#### Records:

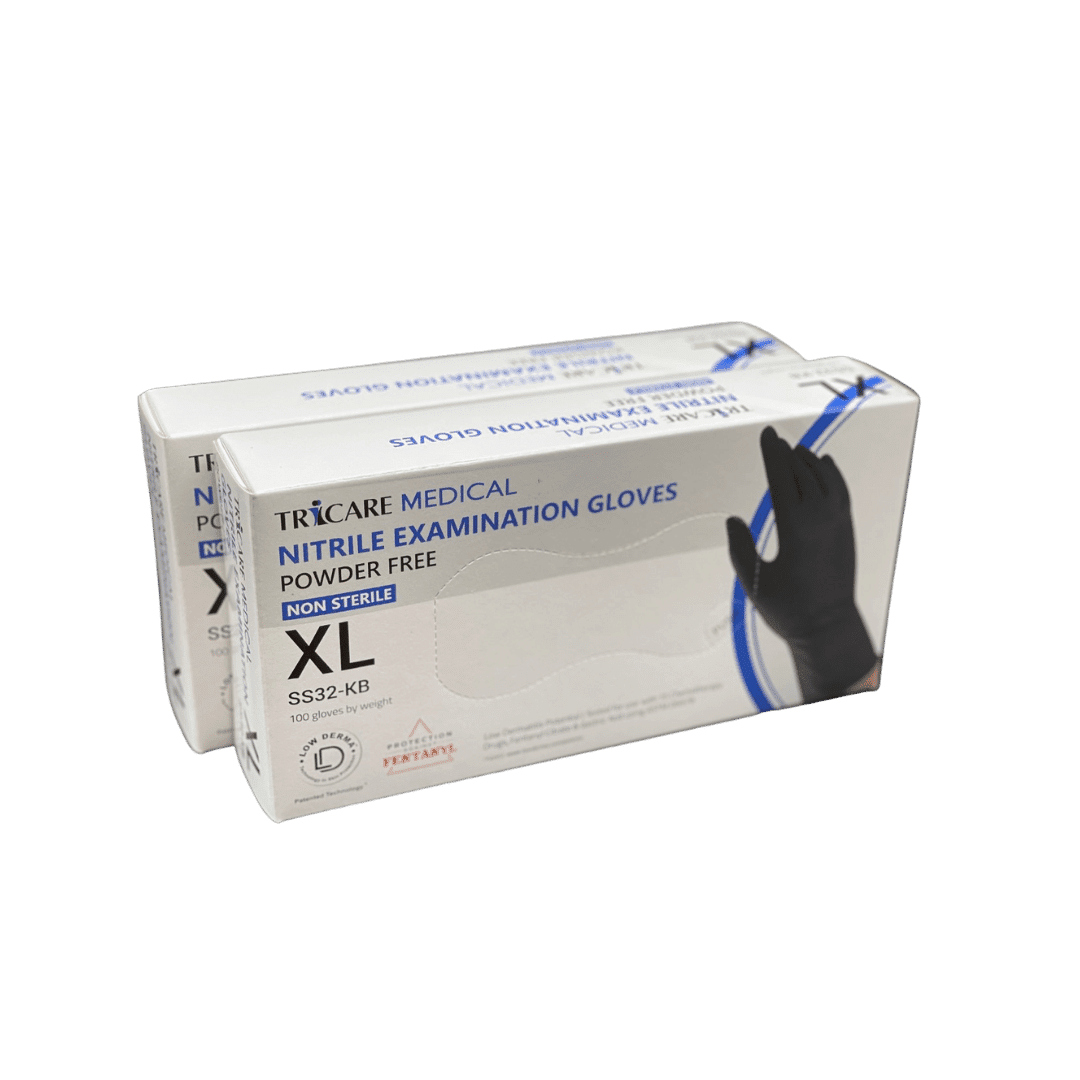 TRICARE Medical Nitrile Gloves, xLarge, 200 Count, Berry Black, Powder and LatexFree, 3.5 Mil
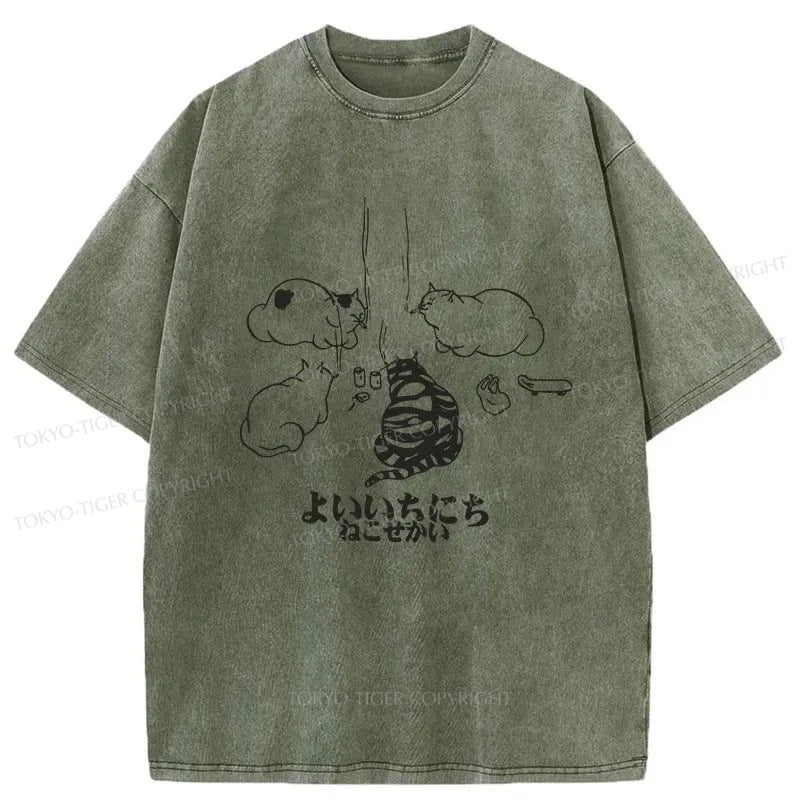 Tokyo-Tiger The Cats Smoking Together Washed T-Shirt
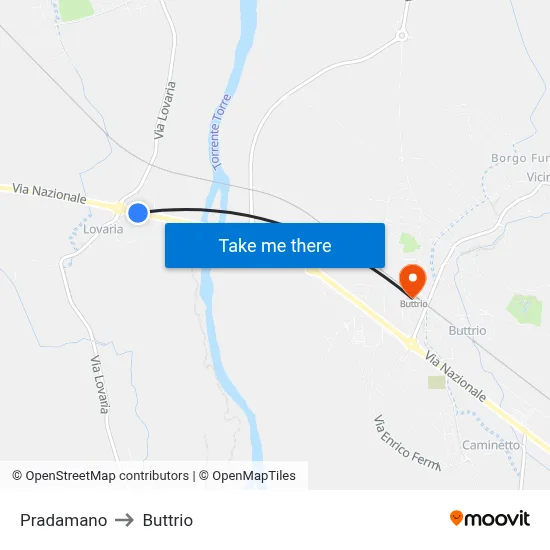 Pradamano to Buttrio map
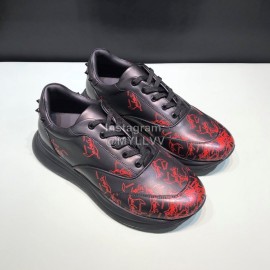 Christian Louboutin Printed Calf Leather Casual Sneakers For Men Black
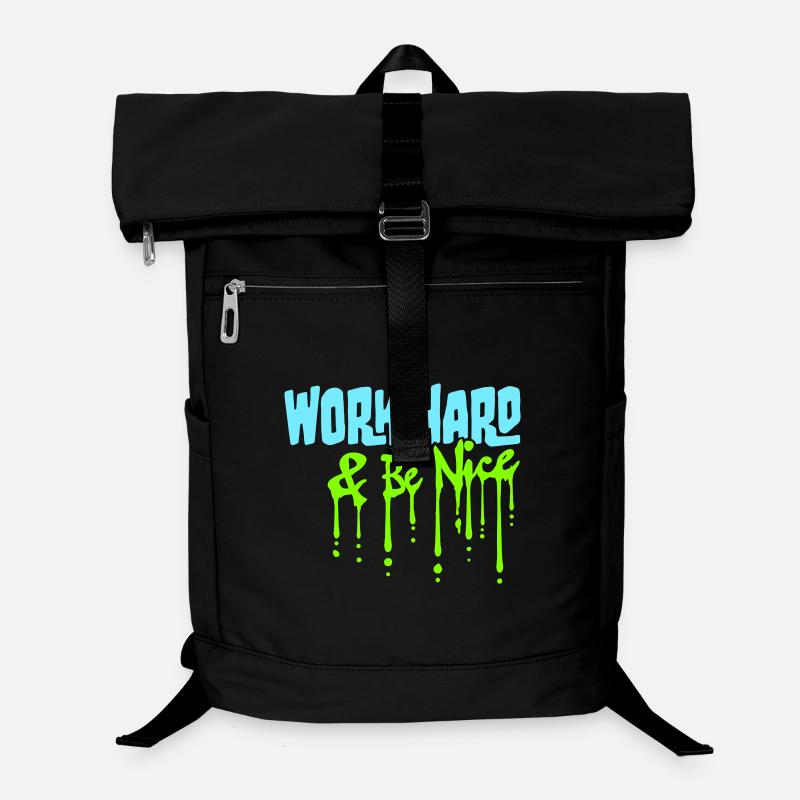 Work Hard Be Nice Motivation Positiver Geist Zitat Laptop-Rucksack 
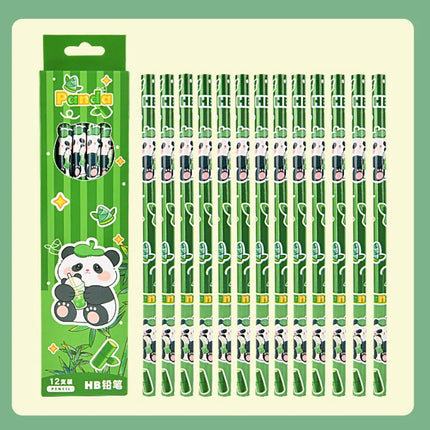 12Pcs/Set Cute Panda Pencil Wood Stationery Drawing Pen Cartoon Pattern Sketch Pen for Student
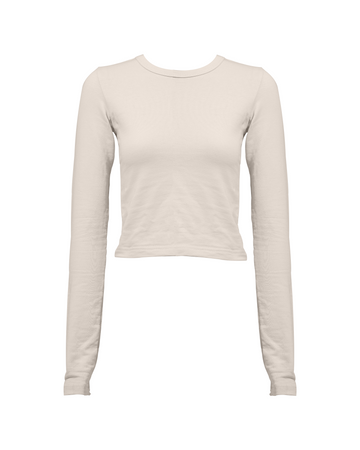 BEIGE COTTON - LONG SLEEVES TOP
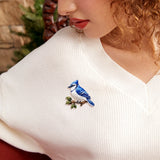 Enamel Blue Jay Brooches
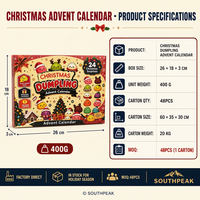 Calendrier de l'Avent Southpeak Toy – 24 Boîtes Mystères de Jouets Squishy à Remontée Lente – Boîte Cadeau Compte à Rebours de Noël 26x18cm MOQ45 OEM WS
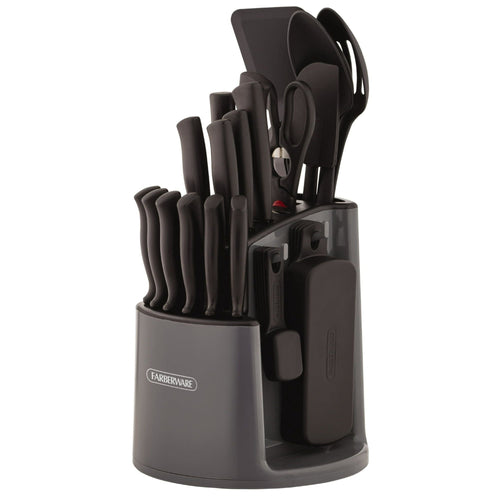 Farberware Classic 30-Piece Spin-N-Store Rotating Carousel Stainless Steel Knife Set and Tool Set Gray EasyOptionXY LLC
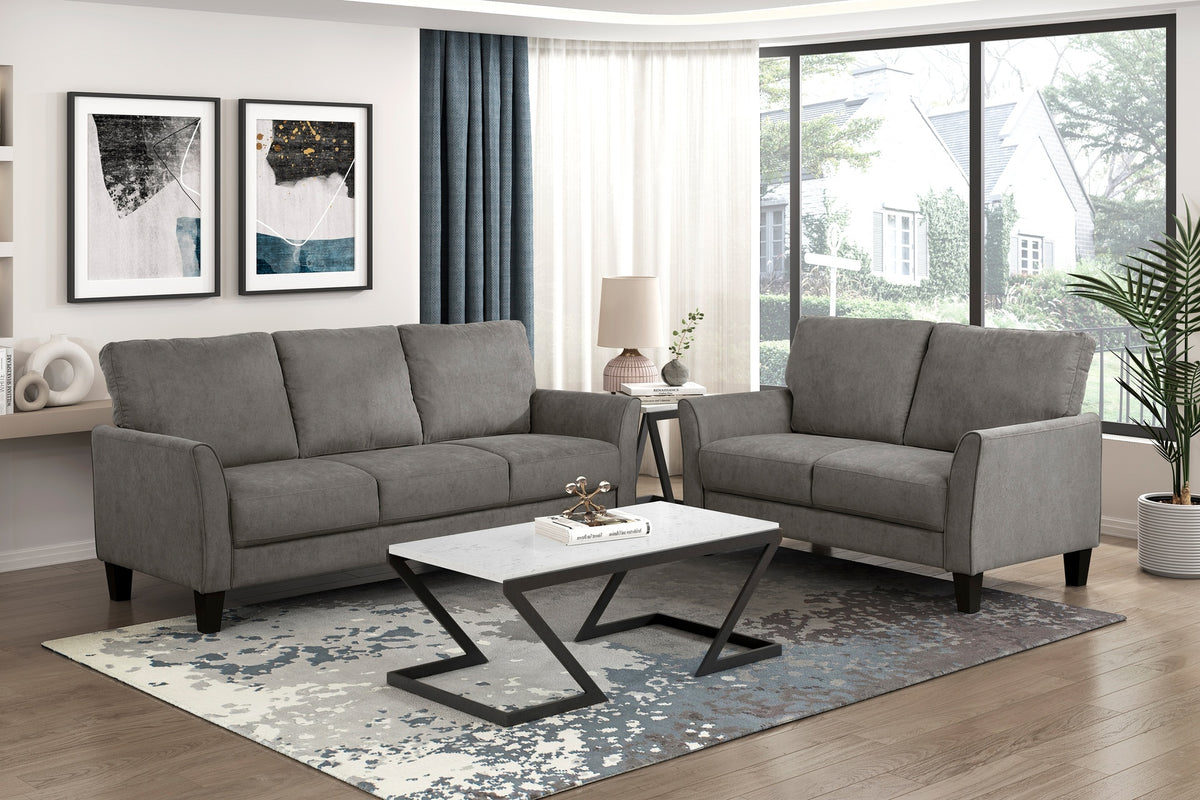 Modern Contemporary Sofa Set 2pc Brown Gray Upholstered Sofa Loveseat Plush Seat Comfort Durable Solid Wood Living Room Furniture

#### Prompt:
Once the line with "Pradamano to Buttrio map" is found in the data above, reproduce it and each line after it exactly, through the line with "Calendrier de l'Avent". Omit the pictures.

#### Response box:
 Pradamano to Buttrio map
 Christian Louboutin Printed Calf Leather Casual Sneakers For Men Black
 Work Hard Be Nice Motivation Positiver Geist Zitat Laptop-Rucksack 
 12Pcs/Set Cute Panda Pencil Wood Stationery Drawing Pen Cartoon Pattern Sketch Pen for Student
 BEIGE COTTON - LONG SLEEVES TOP
 Enamel Blue Jay Brooches
 Calendrier de l'Avent Southpeak Toy – 24 Boîtes Mystères de Jouets Squishy à Remontée Lente – Boîte Cadeau Compte à Rebours de Noël 26x18cm MOQ45 OEM WS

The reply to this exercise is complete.